ACTIVITY
The reader should set down exactly the lines from the one containing "Big Cat Sumatran Tiger Foto (Voorkant)" through the last line of the material, omitting every picture.

EXERCISE DATA
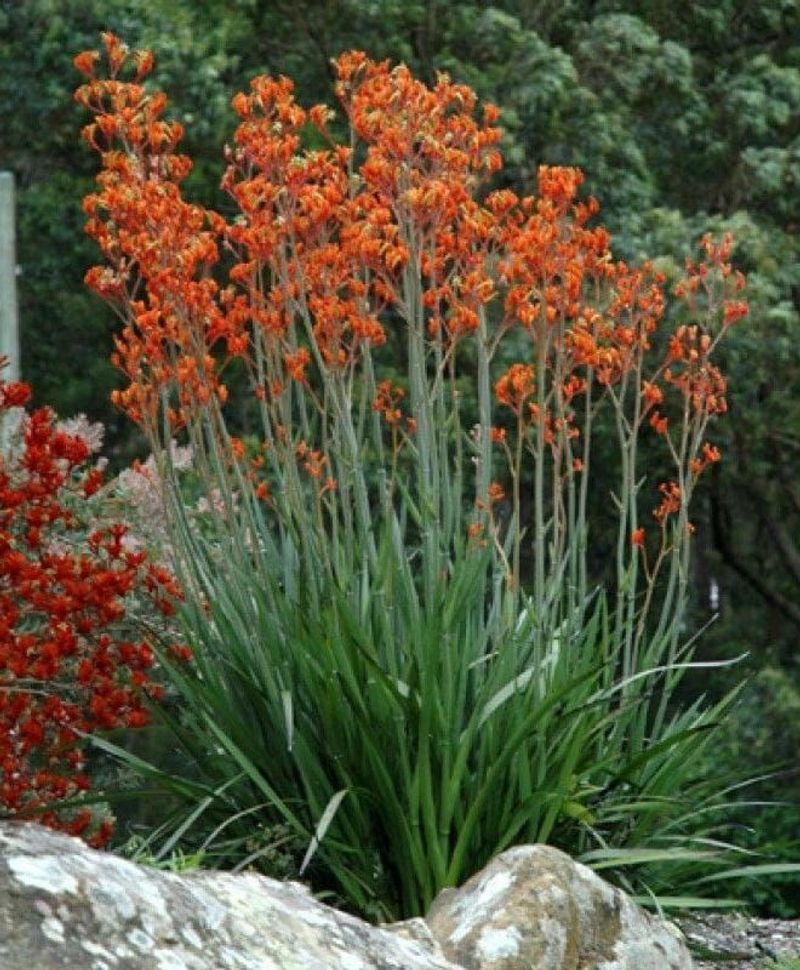 Kangaroo Paw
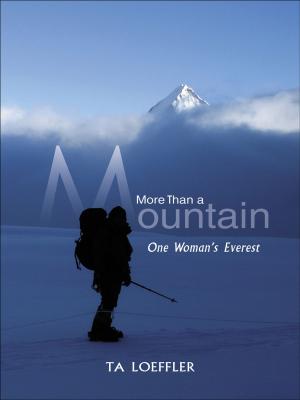 Book cover of More Than a Mountain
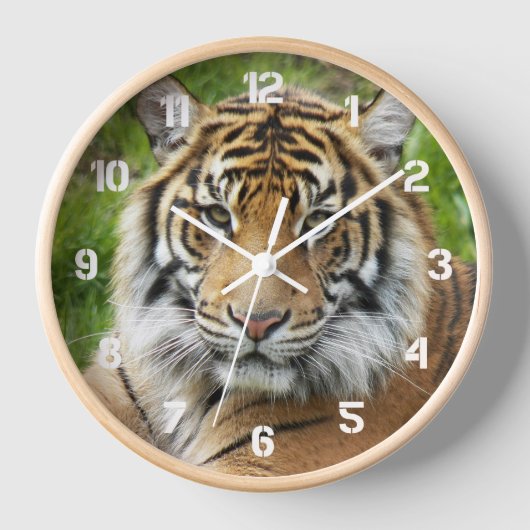 Big Cat Sumatran Tiger Foto (Voorkant)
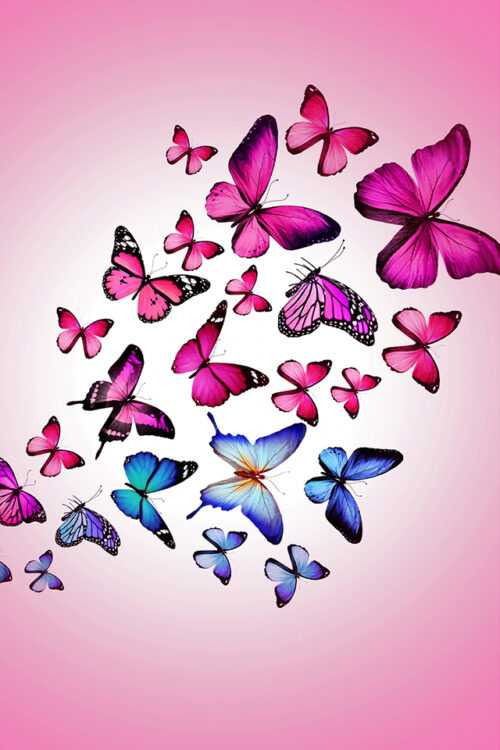 Butterflies Wallpaper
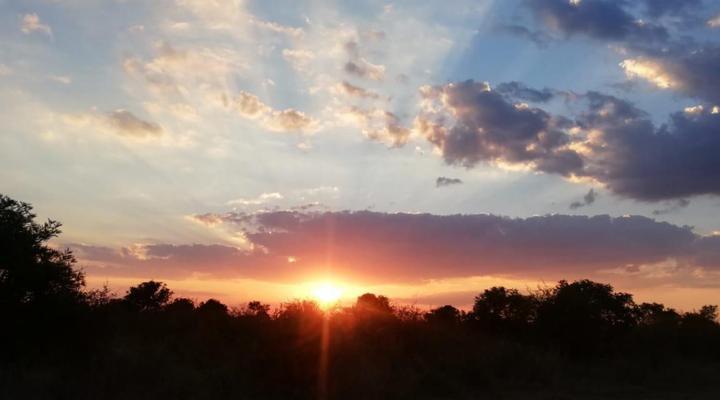 Sondela Nature Reserve & Spa Makhato Lodges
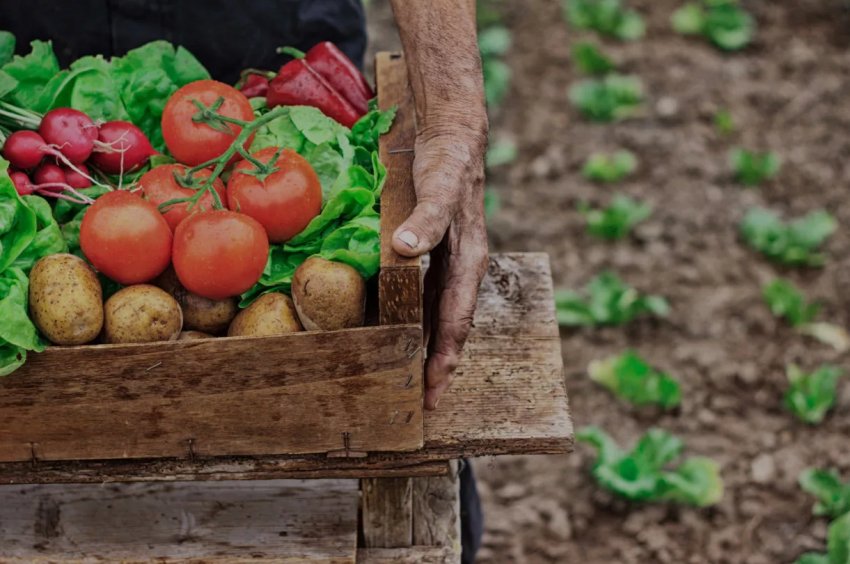 В Україні розгортаються мобільні центри з підтримки фермерів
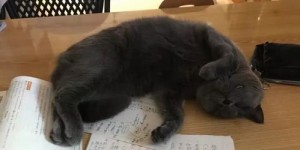 二哈是如何在副业中找到成功之路的？你好奇吗？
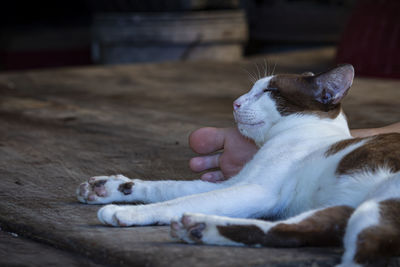 Close-up of cat sleeping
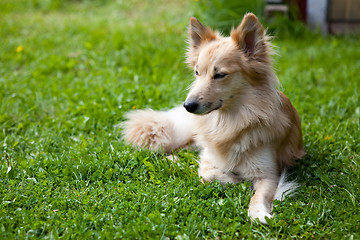 Image showing Dog lying on grass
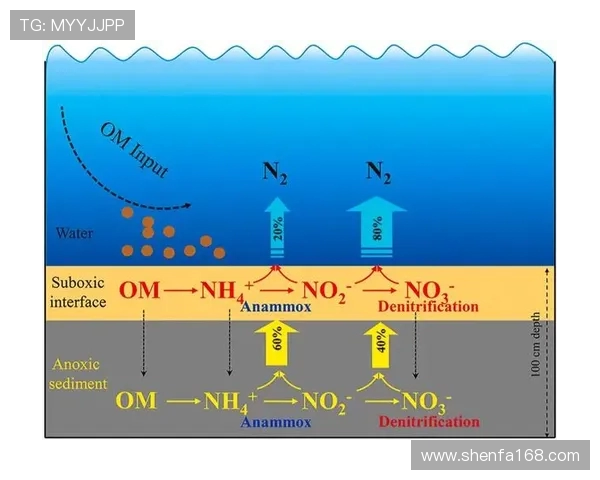 城市赛分析:BLG在耐力赛中的卓越表现与战术深度探讨 城市赛分析:BLG在耐力赛中的卓越表现与战术深度探讨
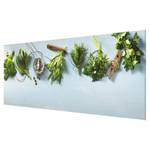 Quadro di vetro Erbe da cucina Verde - 125 x 50 x 0,4 cm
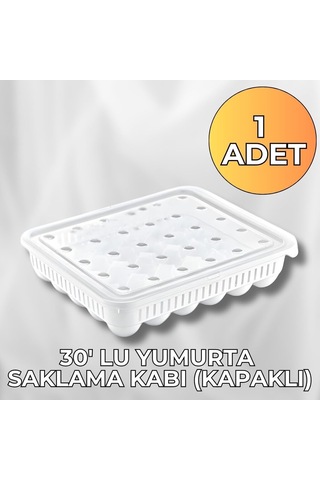 Yumurta Saklama Kabı 30'lu 1 Adet, Steril Yumurtalık, Kapaklı Yumurta Organizeri Çok Renkli
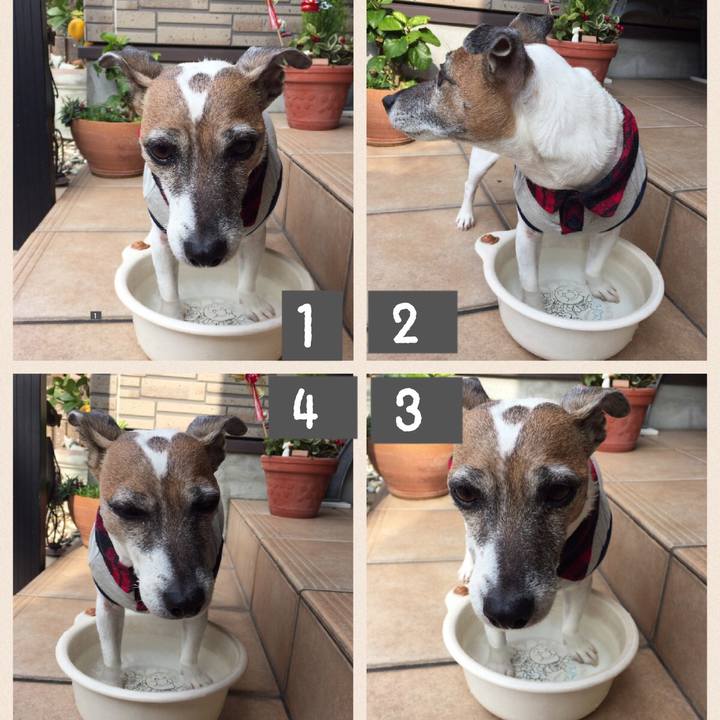 A740306f 1bd9 42e6 97d6 15867fce1911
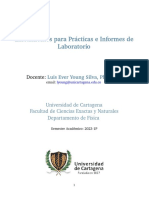 Lineamientos Lab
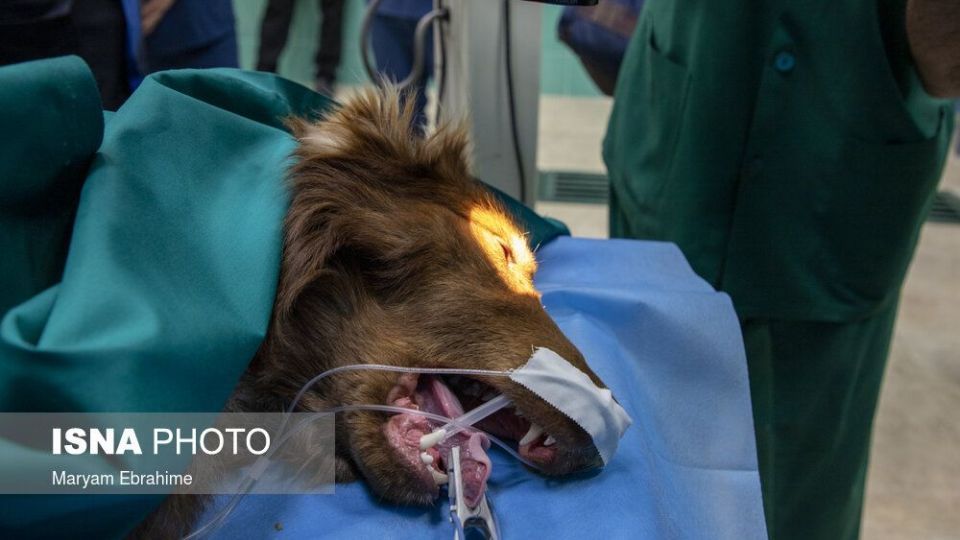 تلاش چند ساعته برای شفای چشمان ۵ حیوان نابینا و کم‌بینا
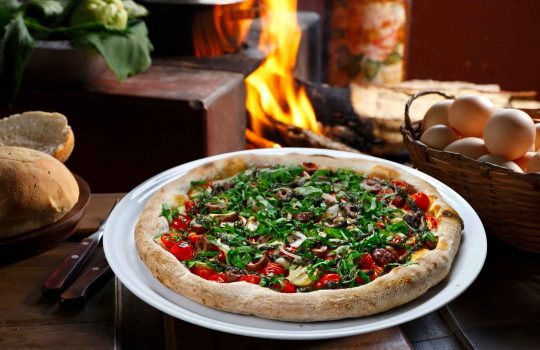 ציוד פיצריה לפיצריות2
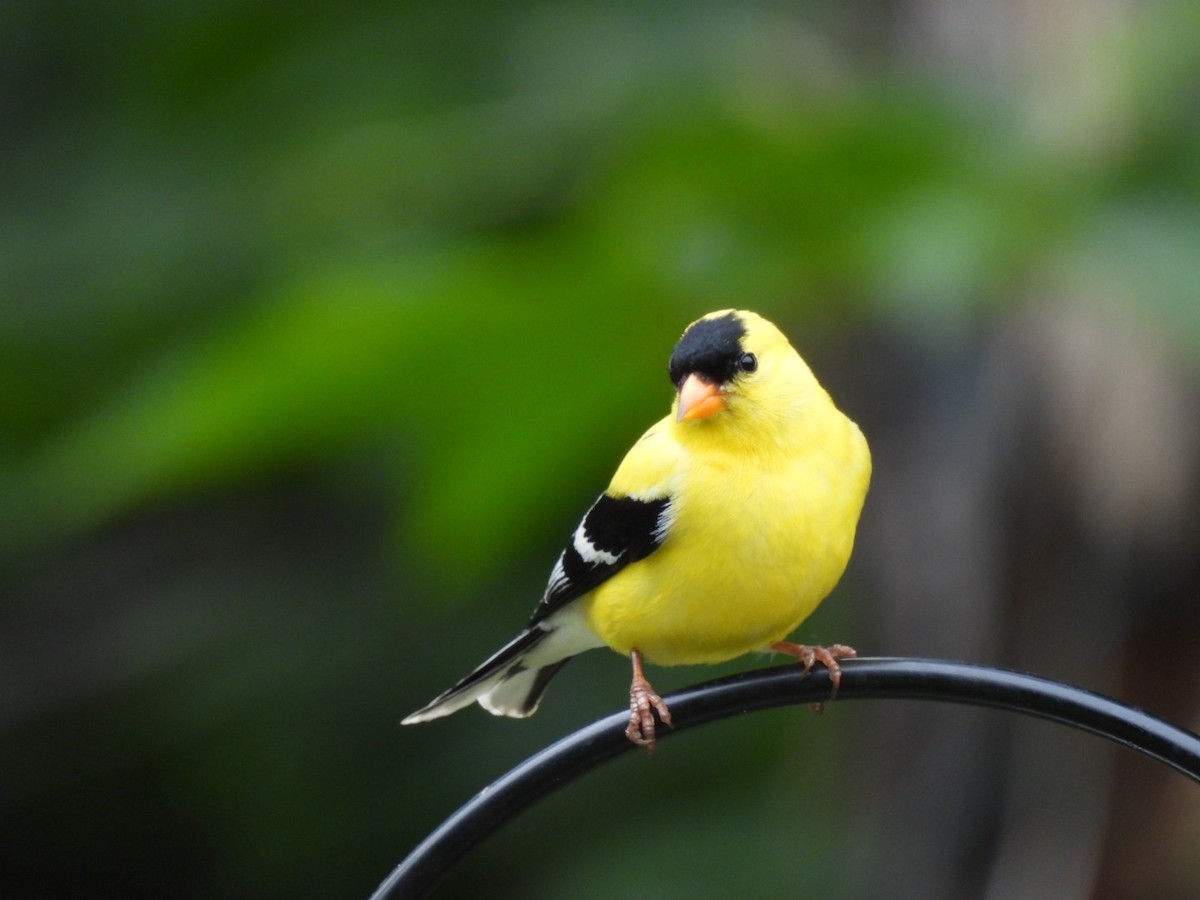 American Goldfinch - ML620511177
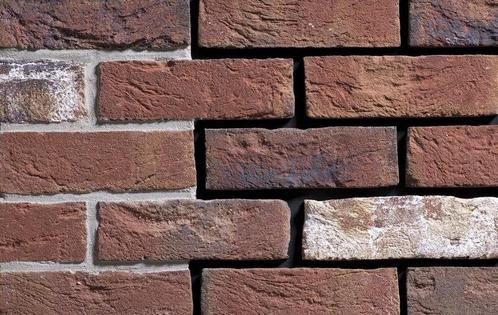 Engels Kameleon Dikformaat, Doe-het-zelf en Verbouw, Metselstenen, Verzenden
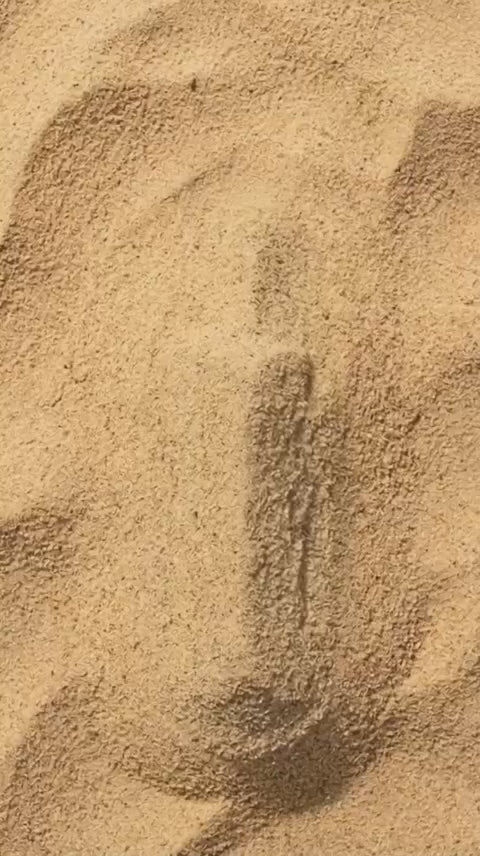 Huile précieuse spray solaire Terre Des Huiles émergeant du sable doré — rituel solaire naturel inspiré du Maroc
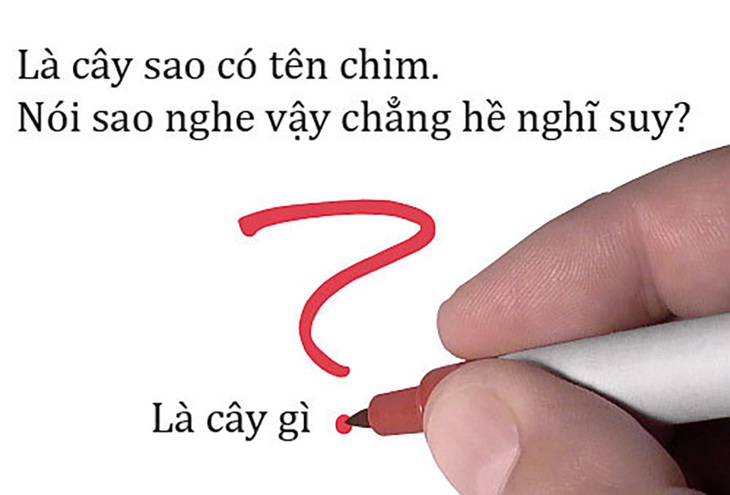 Câu đố hack não: Cái gì lắm chân tay, không đuôi mà có hai đầu? - Ảnh 7.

ANSWER TO THE EXERCISE
 Big Cat Sumatran Tiger Foto (Voorkant)
 Butterflies Wallpaper
 Sondela Nature Reserve & Spa Makhato Lodges
 В Україні розгортаються мобільні центри з підтримки фермерів
 二哈是如何在副业中找到成功之路的？你好奇吗？
 Close-up of cat sleeping
 Image showing Dog lying on grass
 城市赛分析:BLG在耐力赛中的卓越表现与战术深度探讨 城市赛分析:BLG在耐力赛中的卓越表现与战术深度探讨
 Quadro di vetro Erbe da cucina Verde - 125 x 50 x 0,4 cm
 Yumurta Saklama Kabı 30'lu 1 Adet, Steril Yumurtalık, Kapaklı Yumurta Organizeri Çok Renkli
 A740306f 1bd9 42e6 97d6 15867fce1911
 Lineamientos Lab
 تلاش چند ساعته برای شفای چشمان ۵ حیوان نابینا و کم‌بینا
 ציוד פיצריה לפיצריות2
 American Goldfinch - ML620511177
 Engels Kameleon Dikformaat, Doe-het-zelf en Verbouw, Metselstenen, Verzenden
 Huile précieuse spray solaire Terre Des Huiles émergeant du sable doré — rituel solaire naturel inspiré du Maroc
 Câu đố hack não: Cái gì lắm chân tay, không đuôi mà có hai đầu? - Ảnh 7.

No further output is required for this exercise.